Thought you might find this interesting...

The GTO sells as a Vauxhall over in the UK. They also have a supercharged version VXR500 (only 50 sold).

http://www.autoexpress.co.uk/carreviews/firstdrives/203417/vauxhall_monaro.html

HSV.


----------



## GM4life (Mar 18, 2007)

The car was built to get rid of the remaining VXR's on lots. It has a non-intercooled Harrop HH112 supercharger some exhaust, suspension and someother upgrades. Its one bad motha sucka: http://www.youtube.com/watch?v=m4fFVAIb0KY
I would like to convert mine to a VXR 500 clone but it just too much coin.


----------



## hsv (Jun 11, 2007)

gm4life said:


> The car was built to get rid of the remaining VXR's on lots. It has a non-intercooled Harrop HH112 supercharger some exhaust, suspension and someother upgrades. Its one bad motha sucka: http://www.youtube.com/watch?v=m4fFVAIb0KY
> I would like to convert mine to a VXR 500 clone but it just too much coin.


I saw the same video  I was wondering why they were cheaper than the base VXRs!

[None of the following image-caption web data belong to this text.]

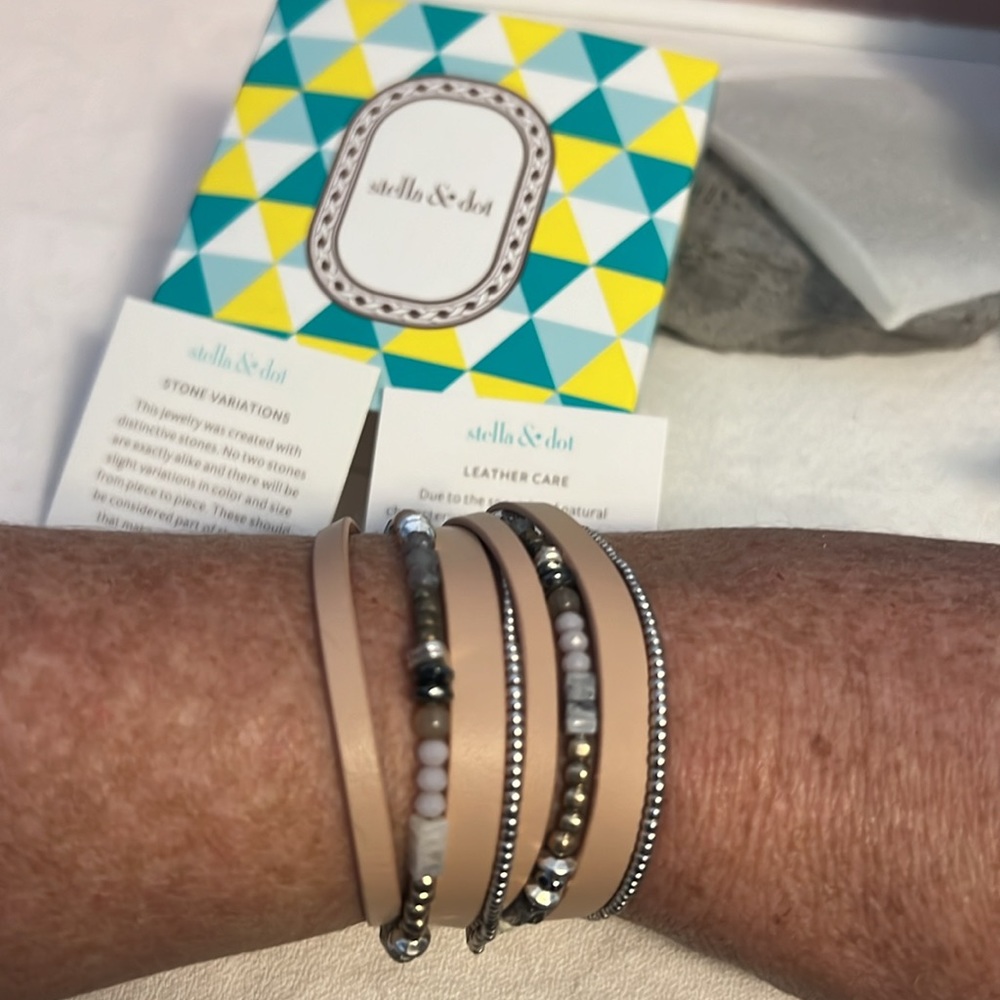 Stella & Dot Yves Wrap Bracelet Blush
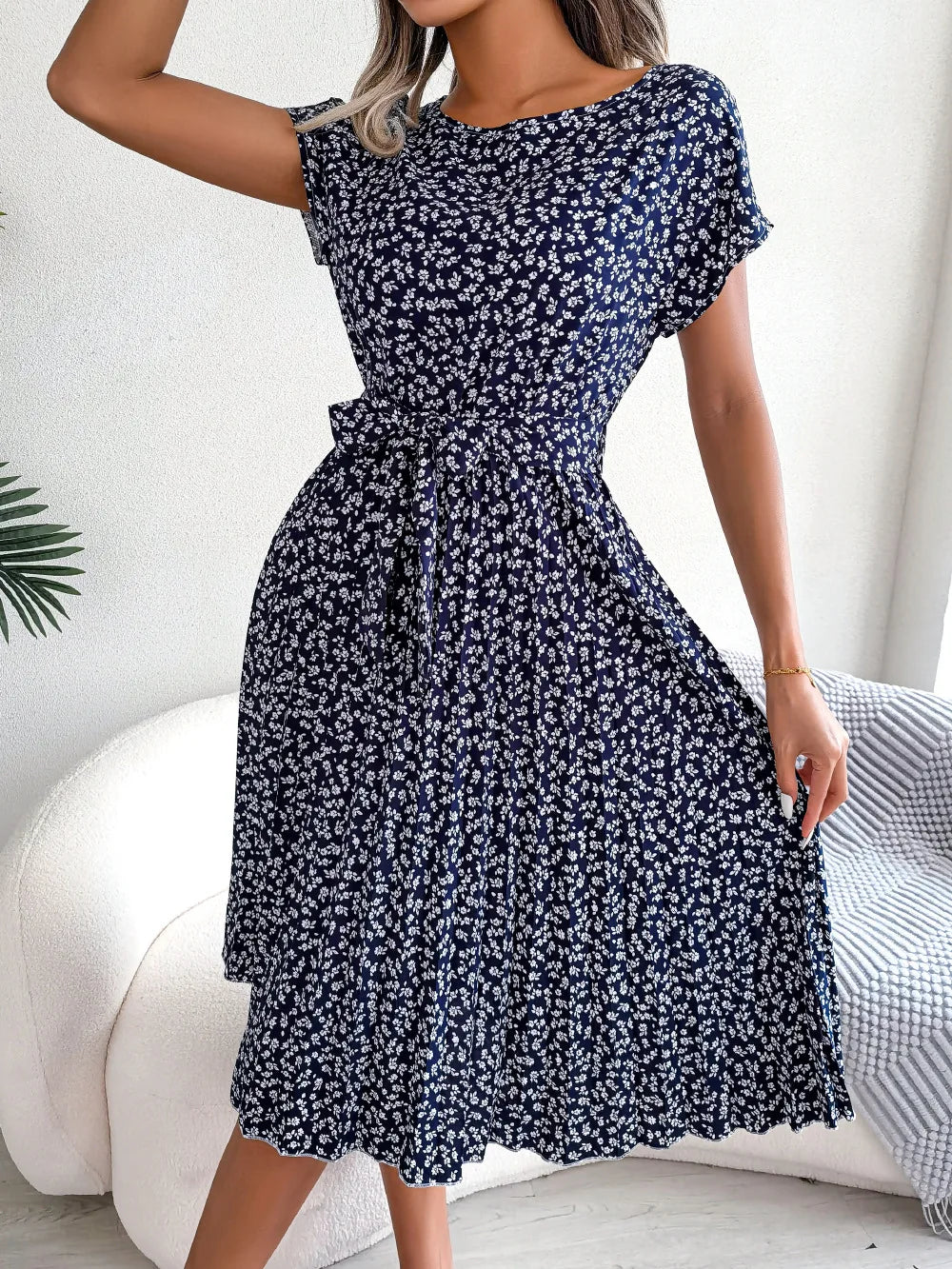 Women Spring Summer Short Sleeve High Waist Chic Dress Fashion Floral Pleated A Line Long Dress -  by Hey Whoops Store | Available at Handbags Specialist Headquarter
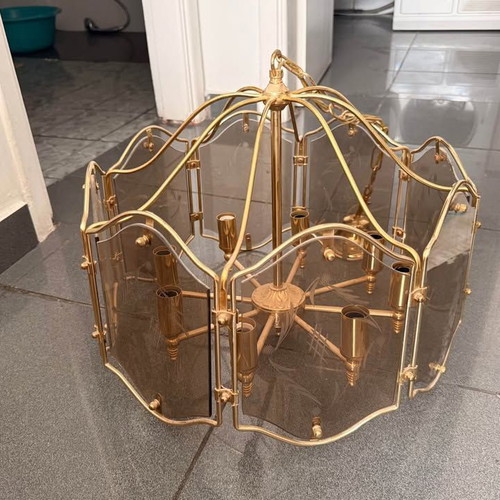 Bronze ceiling light with 8 bulbs like new, hand-engraved glass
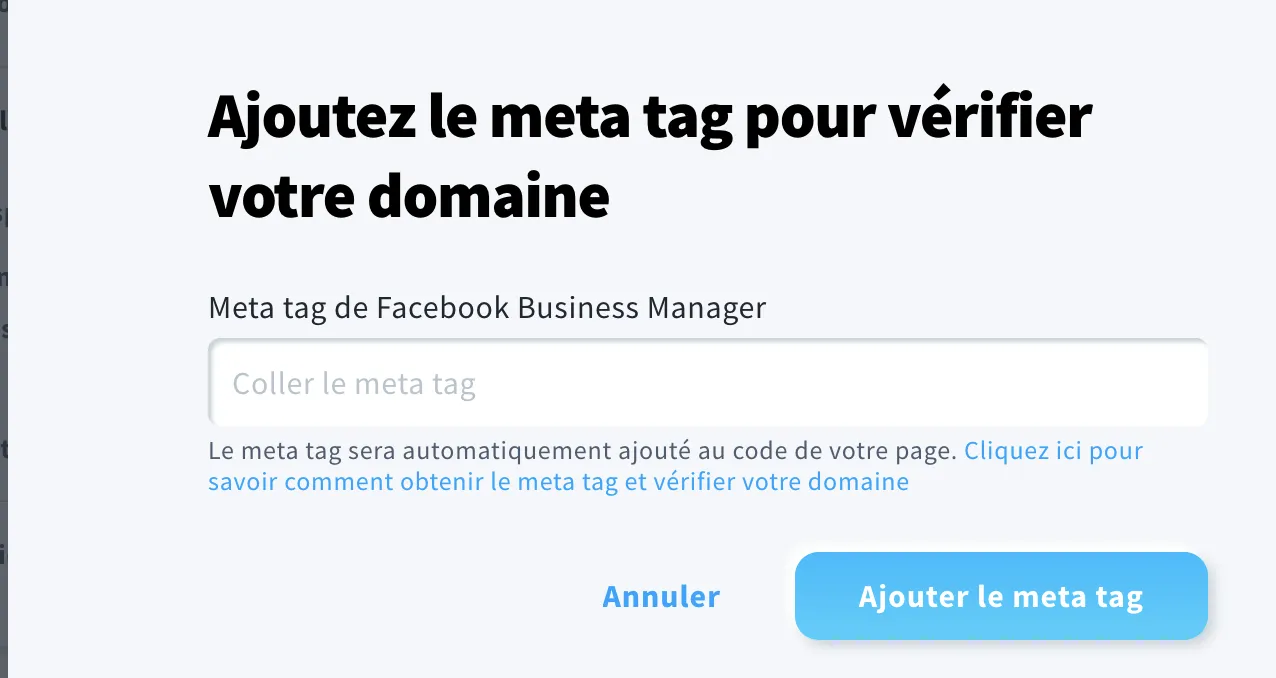 Ajoutez le meta tag pour vérifier votre domaine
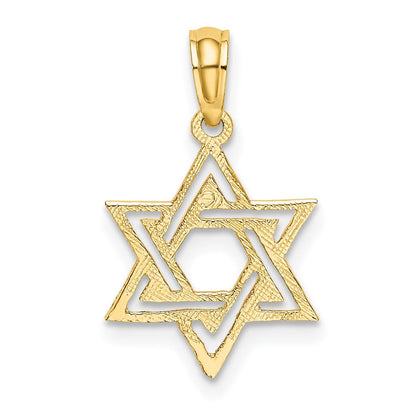 10K Gelbgold 10K Poliert Stern Of David Charm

I noticed they upgraded the brakes to 6 piston "AP brakes":

http://www.autoexpress.co.uk/carreviews/firstdrives/203417/vauxhall_monaro.html

Any idea if we can get those parts here?

HSV.


----------



## silgoat05 (Jul 1, 2006)

i want it sooo badddd!!! :rofl: :rofl: :rofl:


----------



## GM4life (Mar 18, 2007)

hsv said:


> I saw the same video  I was wondering why they were cheaper than the base VXRs!
> 
> I noticed they upgraded the brakes to 6 piston "AP brakes":
> 
> ...


Like I said before the VXR 500 was built to get rid of the remaining VXR's on dealer lots thats probly why they were cheaper than the standard VXR. You can get AP Racing Brakes here, AP's is alot of coin: http://www.apracing.com/car/site.htm . If your in the market for performance brakes look into someone like Wilwood and Baer. Also JHP has performance brakes too for some money.
http://www.wortec.co.uk/


----------



## hsv (Jun 11, 2007)

gm4life said:


> Like I said before the VXR 500 was built to get rid of the remaining VXR's on dealer lots thats probly why they were cheaper than the standard VXR. You can get AP Racing Brakes here, AP's is alot of coin: http://www.apracing.com/car/site.htm . If your in the market for performance brakes look into someone like Wilwood and Baer. Also JHP has performance brakes too for some money.
> http://www.wortec.co.uk/


Thanks for the links!

HSV.


----------



## GM4life (Mar 18, 2007)

hsv said:


> Thanks for the links!
> 
> HSV.


Your welcome :cheers


----------